You can even talk about the LiveWire like it’s a “real” bike. It’s got 105 horsepower and a stupid amount of torque (116 Nm). It’s got all the toys anyone would expect to find on a bike built in 2019, like cornering ABS, traction control, anti-rear-wheel-lift and anti-rear-wheel-slip. It’s got a TFT dash, one that you can actually use via touch just like you would your mobile phone, as well as via handlebar controls, and it’s got fully adjustable big-piston Showa forks as well as a fully adjustable Showa rear shock unit. It’s got a dual-disc Brembo brake setup, and a USB charging socket. You can customise the riding modes, sync your smart phone, use cruise control, and blah blah blah de blah. It’s all there, it doesn’t want for anything.

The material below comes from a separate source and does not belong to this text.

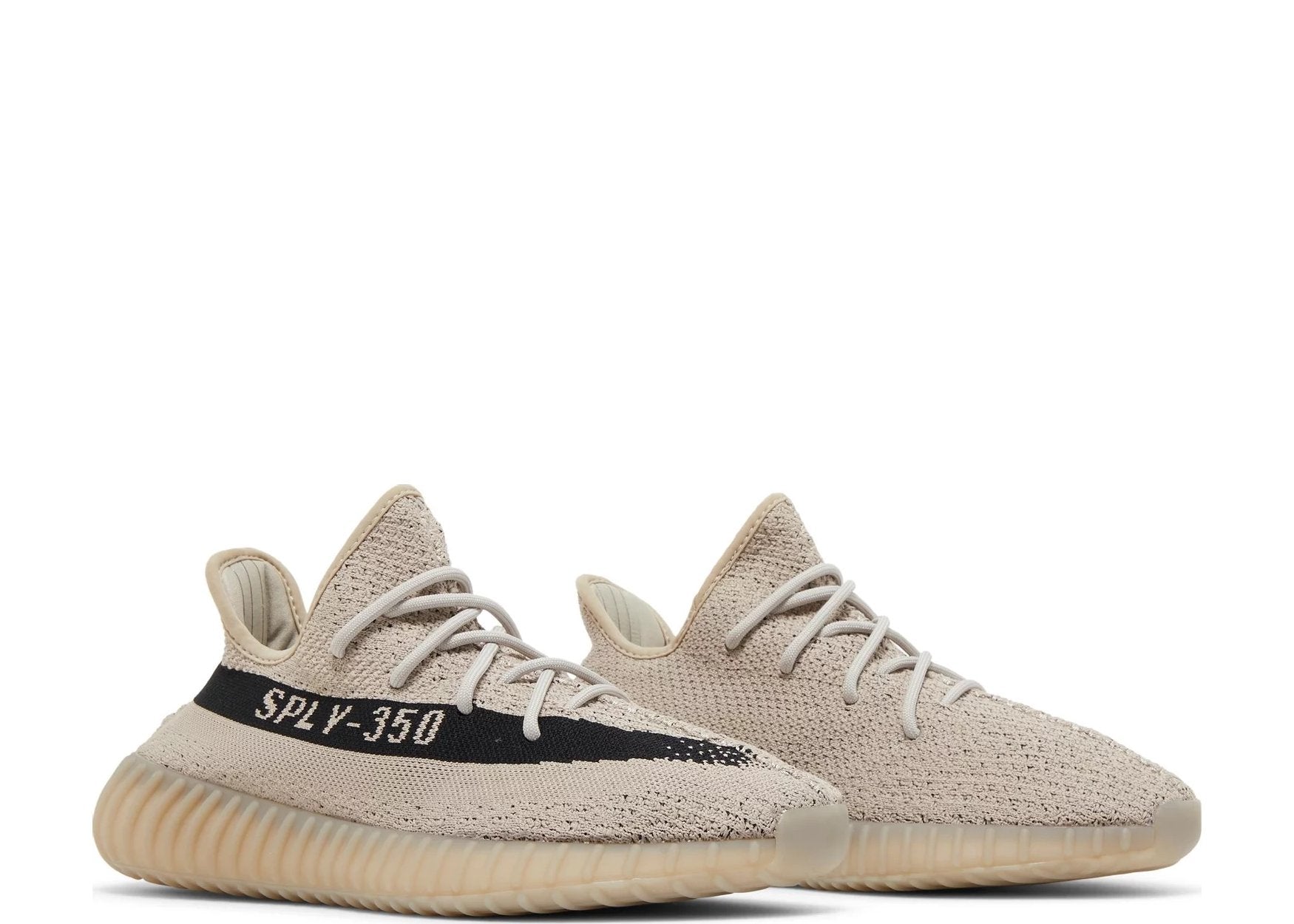 adidas Yeezy Boost 350 V2 Slate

If you’d overheard someone reeling all that off at your local bike meet, there’s only one thing in all of that which would tip you off to the fact we’re talking about an electric bike, rather than, say, a Ducati Monster or an Aprilia Tuono V4 1100. That would be the anti rear-wheel slip, which kicks in when the regenerative braking system is adding so much resistance that the rear tyre starts to lose traction (which would be bad). Furthermore, you’d basically never guess you were overhearing a conversation about a Harley. When’s the last time you saw a Harley and the words Showa, Brembo, TFT, cornering ABS, etc, all in the same sentence? Yeah, never.
You get the point: the LiveWire’s simply not a gimmick or a toy. It’ll charge to 80 percent in 30 minutes on one of the super-fast DC chargers and to 100 percent in an hour, or overnight from a standard household outlet. On that, it’ll do about 100 miles of combined urban and rural riding. You’ll get way less if you ride it like an absolute dickhead – as I and all the other journos did – and it’ll do way more (about 140 miles) if you’re only riding around a city doing an average of 20-30mph or so.

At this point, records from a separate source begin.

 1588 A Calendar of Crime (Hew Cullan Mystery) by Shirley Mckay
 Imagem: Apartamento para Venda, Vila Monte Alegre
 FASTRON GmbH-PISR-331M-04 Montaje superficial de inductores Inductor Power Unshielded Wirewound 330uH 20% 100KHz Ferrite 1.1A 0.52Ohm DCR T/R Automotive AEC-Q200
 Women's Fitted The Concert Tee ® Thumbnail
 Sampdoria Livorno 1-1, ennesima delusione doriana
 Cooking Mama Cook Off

To ride, it’s electric, so it’s a bit weird, just as I was saying. As you pull away from a red light or out of a side road, you do that thing where you get to about 20mph and your hand momentarily reaches for a clutch lever that doesn’t exist, your foot flinches before your brain kicks in and says: “Oh, haha, nope.”
It doesn’t make any noise when it’s stationary, and there’s a constant need to remind yourself not to try to rev it back to life it at the lights, until you get used to its little “heartbeat” feature, that is. At a stop, the LiveWire’s motor pulses gently, like a heartbeat’s “lub-dub,” which injects a bit of personality and helpfully reminds you that the bike isn’t dead. Around town it’s simply a pleasure: no noise, no heat, no pressure to keep air moving over you. The throttle’s buttery smooth, telepathically predicable and really responsive when you need it to be.
Out in the twisties, it’s nothing short of entertaining. Ridden within appropriate bounds, it turns well, brakes well and goes like shit off a shovel. Harley claim 0-60 in 3 seconds and 60-80 in two, and my backside dynamometer/cranial chronometer agreed with both of those claims. It is stupid, stupid fast. And since there’s only wind noise, it’s all too easy to look down and realise you’re way over the limit. It’ll happily pop a wheelie, and the noise it makes is actually pretty decent – although not “thrilling turbine” stuff as all the marketing material claims. It’s an electric whirry noise, and a bit more grinds-metallic than a Zero or Energica.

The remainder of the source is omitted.